La première partie de cette sentence enseigne que la soif passionnée du Divin qui mène à l’expiration de l’âme, doit être recherchée dans le service de D.ieu : chez qui éprouve pareille soif, la vie matérielle a bien lieu « contre son gré ». Mais la seconde proposition indique, à l’opposé, que la vie doit être ardemment désirée et le contraire de la vie, c’est-à-dire l’expiration de l’âme, survenir « contre ton gré ». Naturellement, se pose alors la question :


ואלא איך יהיה רצונו


Mais quel doit donc être le désir [de l’homme] ?

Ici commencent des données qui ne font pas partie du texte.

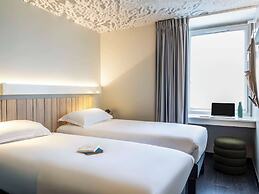 ibis Paris Nation Davout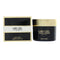 6.8 Oz Body Cream - Box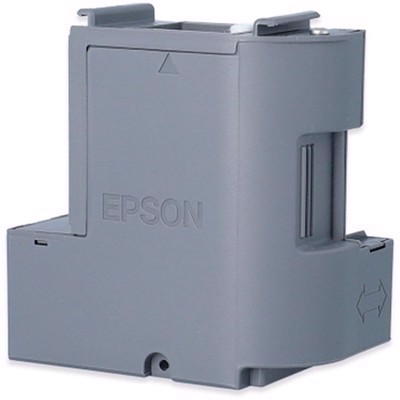Epson Maintenance Box  - SureColor SC-F100 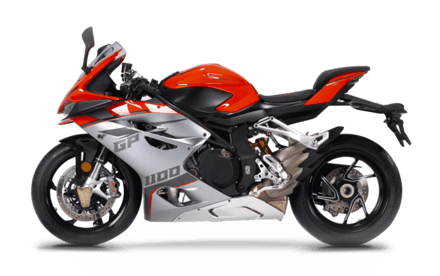 GP 1100 Ultra image 02
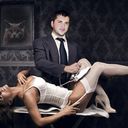 ���������� �������, ���� ������� Alex, 39 ���, ������������ ��� ������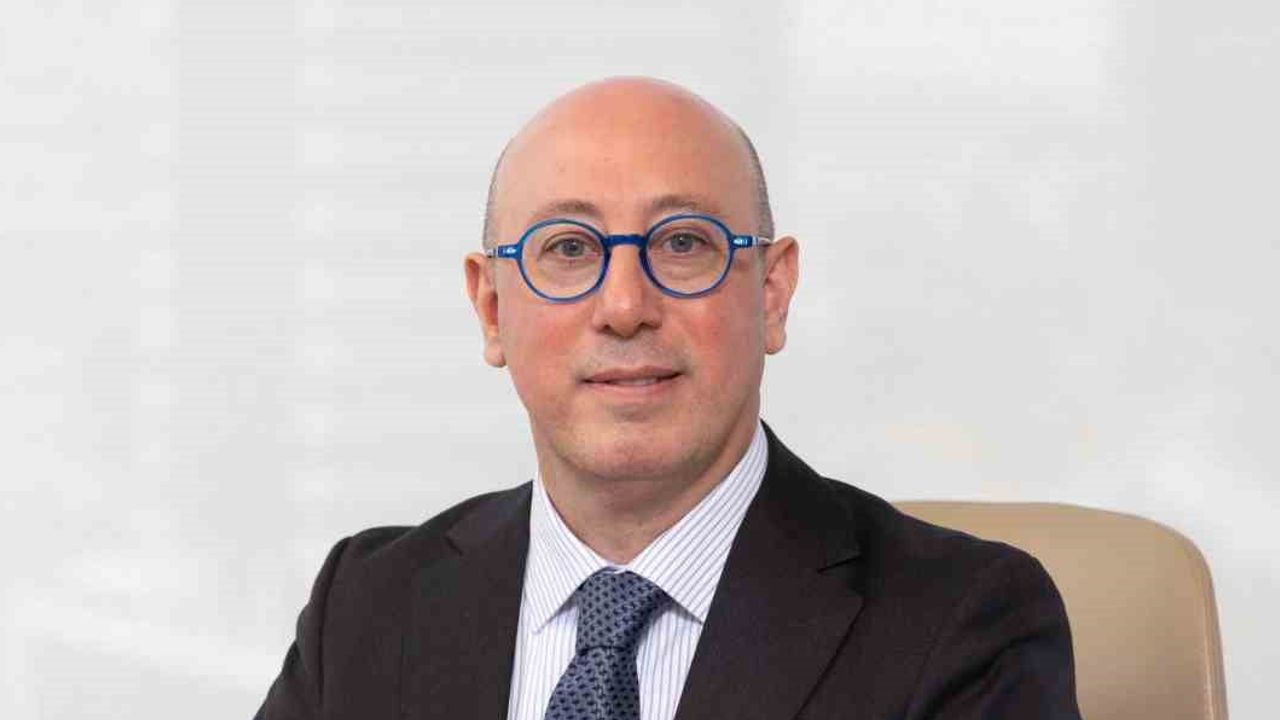 Yıldız Holding’de iç denetimde teknoloji ve veri odaklı liderlik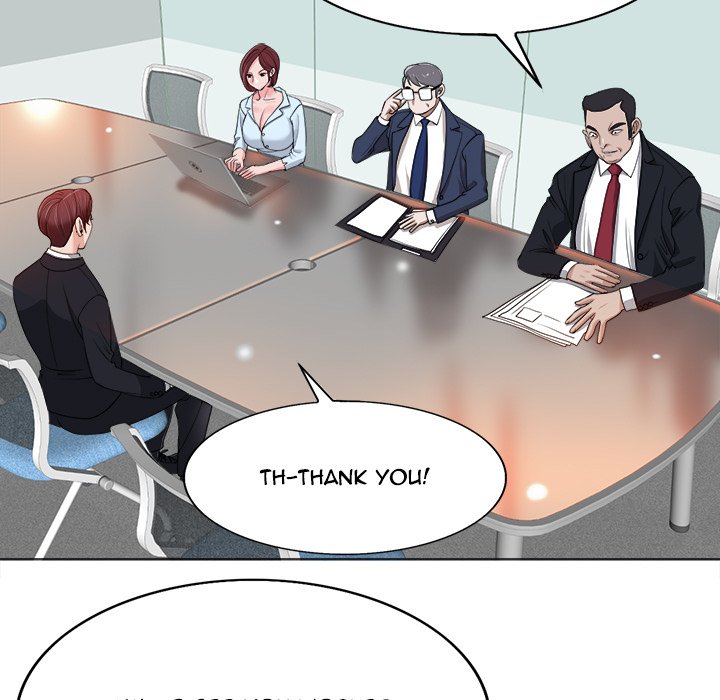 The Affair - Chapter 35 [photo 31] - MangaPorn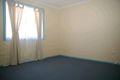 Property photo of 4 Todd Street Berri SA 5343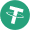 USDT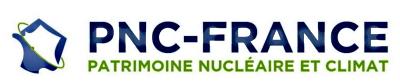 Patrimoine Nucléaire et Climat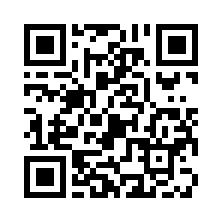 QR Code for 38F6hHdiJwSBrRrASbpvDbGTUpU8PHG19K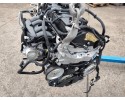 Motor Completo PEUGEOT 308 III 1.6 THP Híbrido DOG5G06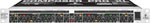 COMPOSER PRO-XL MDX2600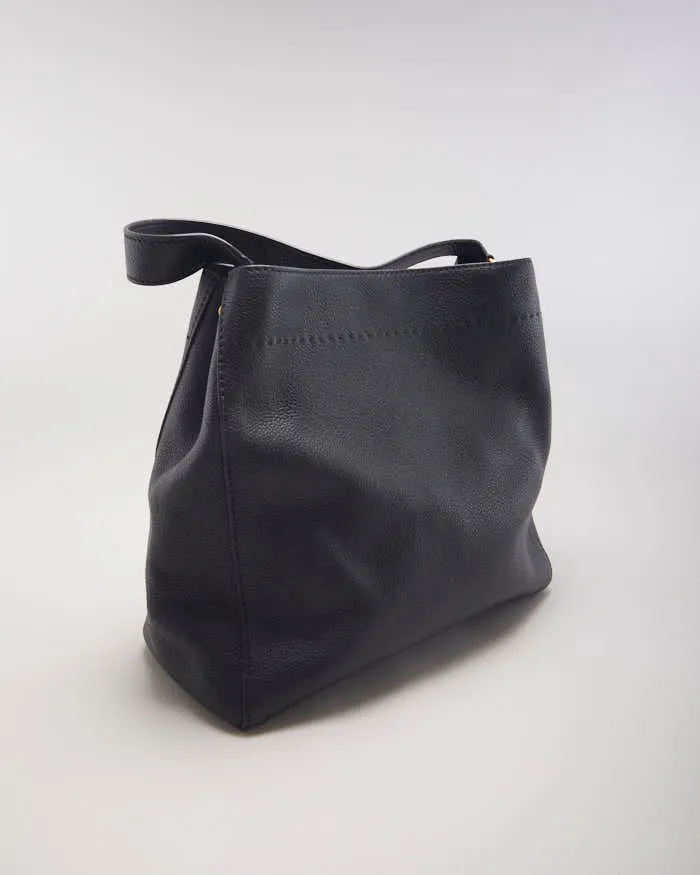 Tory Burch Mcgraw Hobo Bag sold by Rokit product image thumbnail 2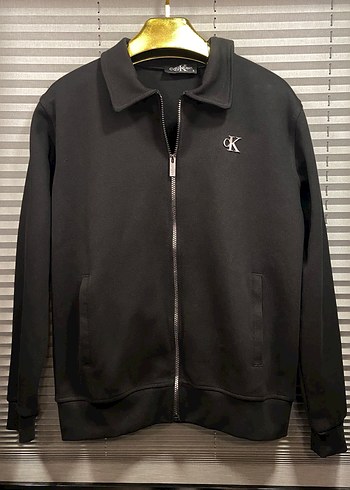 Calvin Klein tek beden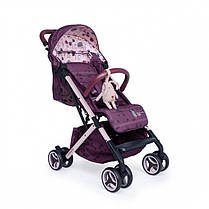 Прогулянкова коляска Cosatto Woosh XL 2021, фото 3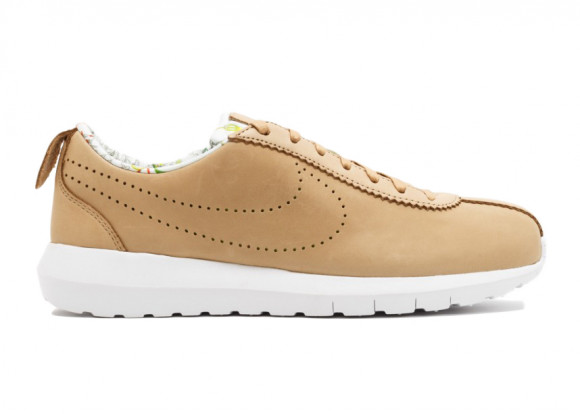 Nike roshe cortez gold Clearance
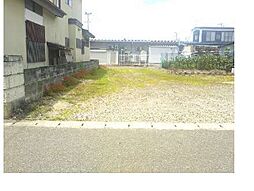 物件画像 湯沢市清水町二丁目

A la lumière de ce qui a été expliqué, cette sentence peut être comprise : dans un premier temps doit se faire entendre le désir passionné, cet élan d’amour jusqu’à l’expiration de l’âme. La vie en ce monde est alors ressentie comme vécue « contre son gré », dans le seul but d’accomplir la Volonté divine de révéler Son unité ici-bas. Mais lorsque ensuite le mouvement du retour a été résolument engagé et que le nécessaire désir de la vie en ce monde est bel et bien ressenti, doit être à nouveau recherché le mouvement contraire, celui de la passion consumante jusqu’à l’expiration : c’est donc bien, à ce moment d’inversion que, « contre ton gré tu dois susciter un désir pour ce qui est le contraire de la vie ». Pourquoi donc un tel mouvement alternatif d’ « élan » et de « retour » ? Il s’agit d’une part, d’introduire à chaque « retour » une dimension spirituelle nouvelle, supérieure, et d’autre part de prévenir des écueils d’une descente insuffisamment maîtrisée et du risque consécutif de se voir alors indûment absorbé par les affaires du monde.


וכמו שנתבאר במקום אחר באריכות על משנה זו: על כרחך אתה חי, בעזרת חיי החיים ברוך הוא


Et comme il est longuement expliqué ailleurs concernant cette Michna : « C’est malgré toi que tu vis », avec l’aide de la « Vie de la vie », Béni soit-Il.